#### Source material ####
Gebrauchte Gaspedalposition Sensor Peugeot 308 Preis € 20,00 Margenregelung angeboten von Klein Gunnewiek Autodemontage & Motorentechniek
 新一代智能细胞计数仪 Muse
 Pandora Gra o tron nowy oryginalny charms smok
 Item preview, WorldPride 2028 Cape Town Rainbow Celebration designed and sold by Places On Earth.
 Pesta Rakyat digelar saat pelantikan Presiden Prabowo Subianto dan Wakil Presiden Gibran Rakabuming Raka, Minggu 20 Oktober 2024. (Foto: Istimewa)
####
Problem to work on »
Copy every entry exactly, missing none.

Task response »
Gebrauchte Gaspedalposition Sensor Peugeot 308 Preis € 20,00 Margenregelung angeboten von Klein Gunnewiek Autodemontage & Motorentechniek
 新一代智能细胞计数仪 Muse
 Pandora Gra o tron nowy oryginalny charms smok
 Item preview, WorldPride 2028 Cape Town Rainbow Celebration designed and sold by Places On Earth.
 Pesta Rakyat digelar saat pelantikan Presiden Prabowo Subianto dan Wakil Presiden Gibran Rakabuming Raka, Minggu 20 Oktober 2024. (Foto: Istimewa)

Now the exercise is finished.